Et là où les productions Netflix semblent un peu trop construites sur des critères un peu trop visibles, avec la bonne dose de représentants de toutes formes de minorités (ce qui les rend souvent un peu trop artificielles), King parvient à s’inscrire dans la mouvance actuelle avec aisance : la mère de Jamie, agent littéraire, a une petite amie qui travaille dans la police, et les relations que le jeune narrateur aura avec cette femme très « rentre-dedans » font une grande partie du sel du récit.

Un roman vaguement initiatique, plaisant à lire, qui fera doucement frissonner et parfois sourire.
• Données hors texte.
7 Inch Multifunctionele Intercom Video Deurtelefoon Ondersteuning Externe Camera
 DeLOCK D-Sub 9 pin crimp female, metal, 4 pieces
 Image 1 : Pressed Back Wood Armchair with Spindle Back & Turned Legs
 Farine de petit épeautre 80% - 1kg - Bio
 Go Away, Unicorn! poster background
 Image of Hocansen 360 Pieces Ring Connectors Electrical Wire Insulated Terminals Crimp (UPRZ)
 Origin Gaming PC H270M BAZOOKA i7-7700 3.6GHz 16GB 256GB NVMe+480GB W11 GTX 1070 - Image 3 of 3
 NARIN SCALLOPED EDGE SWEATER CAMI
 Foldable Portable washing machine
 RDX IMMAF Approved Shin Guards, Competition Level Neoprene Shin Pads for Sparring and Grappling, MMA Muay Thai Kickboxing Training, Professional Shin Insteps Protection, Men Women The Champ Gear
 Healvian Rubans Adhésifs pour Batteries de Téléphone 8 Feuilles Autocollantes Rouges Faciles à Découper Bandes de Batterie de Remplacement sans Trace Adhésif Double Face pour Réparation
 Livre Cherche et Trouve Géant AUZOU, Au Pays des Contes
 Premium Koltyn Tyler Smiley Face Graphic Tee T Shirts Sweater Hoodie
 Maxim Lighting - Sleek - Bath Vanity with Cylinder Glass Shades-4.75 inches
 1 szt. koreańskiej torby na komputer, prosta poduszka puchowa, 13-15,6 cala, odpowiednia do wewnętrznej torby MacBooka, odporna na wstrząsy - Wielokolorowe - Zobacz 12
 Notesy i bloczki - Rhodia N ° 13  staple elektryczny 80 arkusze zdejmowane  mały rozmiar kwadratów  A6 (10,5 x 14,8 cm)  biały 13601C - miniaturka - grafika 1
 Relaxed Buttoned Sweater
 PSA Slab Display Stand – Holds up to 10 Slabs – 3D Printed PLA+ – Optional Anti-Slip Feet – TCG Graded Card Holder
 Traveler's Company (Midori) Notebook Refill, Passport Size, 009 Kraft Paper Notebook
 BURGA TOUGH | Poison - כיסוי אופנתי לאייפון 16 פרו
Une mini-série est en cours de production avec Lucy Liu dans le rôle féminin principal (à surveiller donc, même si les portages à l'écran des textes de King n'ont pas toujours été une grande réussite, cf. ce petit dossier). Les images en noir & blanc sont tirées d'une série limitée d'illustrations par Rob Gale.

J'ai découvert après que pas mal d'auteurs mouraient à leur table de travail. Une profession à risque, on dirait.

 


+ Les points positifs - Les points négatifs
  • Stephen King. 'nuff said.
  • Un roman agréable, relativement court (pour du Stephen King) et plutôt rythmé.
  • Une histoire de revenants traitée à hauteur d'enfant.
  • Des personnages dépeints avec minutie et justesse.


  • Des péripéties prévisibles.
  • King choisit de ne pas entrer dans l'explication des phénomènes surnaturels et opte pour l'angle du fantastique ordinaire. C'est parfois frustrant.
  • Un récit à la portée réduite, qui ne vaut que par sa narration.